For the no-theory judge, does that mean if your opponent runs an abusive case, you should too, to highlight the absurdity? If the judge intervenes against abusive cases, how abusive is abusive?

For the "go slow" judge, how slow is slow? If they're not flowing and penalizing dropped arguments, then we're back to lay adjudication. If they are, then what's the threshold at which they intervene against speed? And it can't be just "when they yell clear, that's the limit" because case structures and rebuttal structures depend on time allocation in advance.

So sure, some people who prefer slower debate or debate sans-theory have an absolute advantage in front of such judges (or even just an aesthetic preference for those debates) and so will or should pref such judges. And some judges, because of school affiliation, competitive success, or other factors manage to have fairly interventionist paradigms for a while and still be broadly preffed. But fundamentally, signaling "I intervene" and especially "I intervene on broad and loosely defined criteria" is a way of saying "it's hard to know how to win in front of me, and the ballot I write probably won't clarify that."

3. Camps: camps are driven by the literature and by trying to help debaters improve. Evidence and practice is what they get paid for. Insofar as the real-world discussion on many topics is often quite meta (critical legal studies, etc) and clear tips for improvement rely on non-intervention, which thereby allows meta-argumentation, you get meta-argumentation. So it's not just that camps happened to teach a certain style of argumentation, and people then wanted judges who appreciated that style: it's that there's a deep cultural link between those practices and clear ballots.

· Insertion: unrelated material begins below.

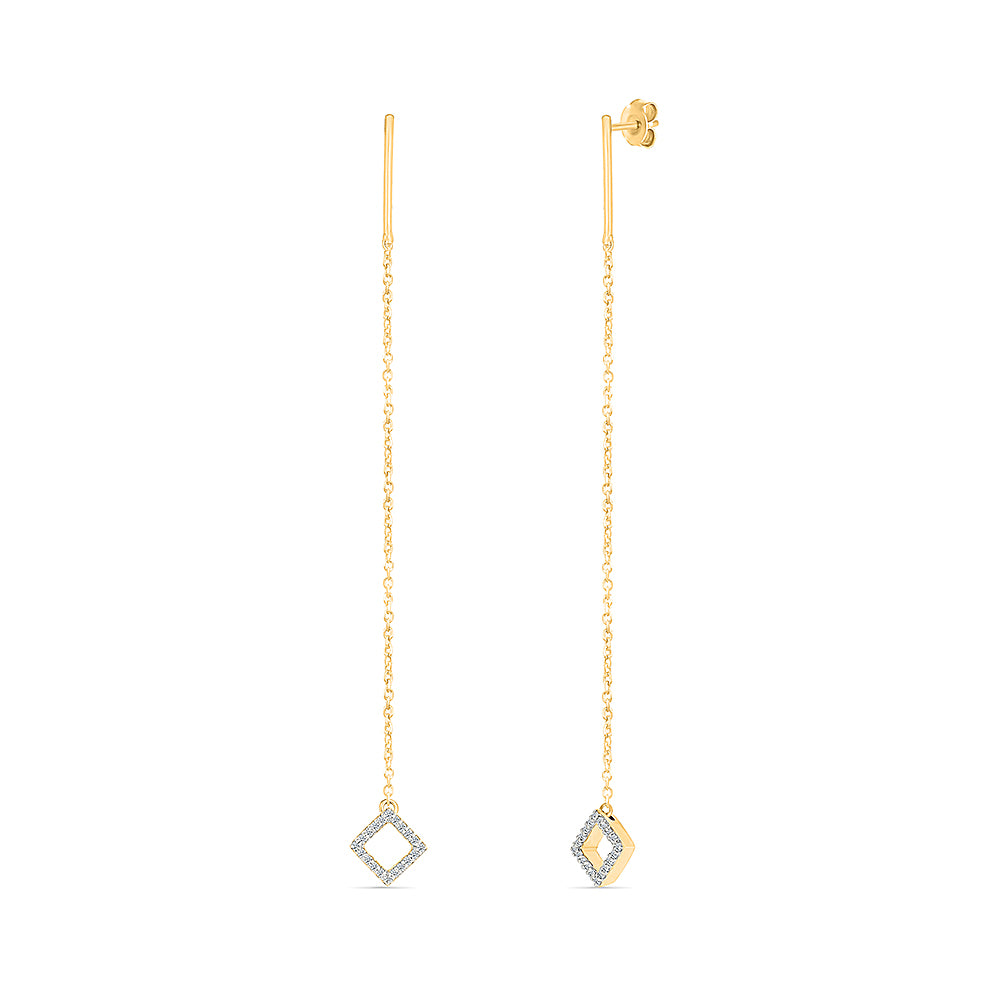 Flawless Gold & Diamond Drop Earrings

4. Aesthetics. This is a real conundrum for people who want some kind of educational or aesthetic norm for debate other than the one they're getting. If you don't intervene, you get the NDT. If you intervene, you get something like parli, where investment is low (no hotels, no coaches, no camps--travel is at least as much about friends and destination tourism as debate), drinking is high, and winning is based on natural talent and a bit of luck. It's just not clear how to incentivize work without tying that work to the ballot, which is where the tin comes from.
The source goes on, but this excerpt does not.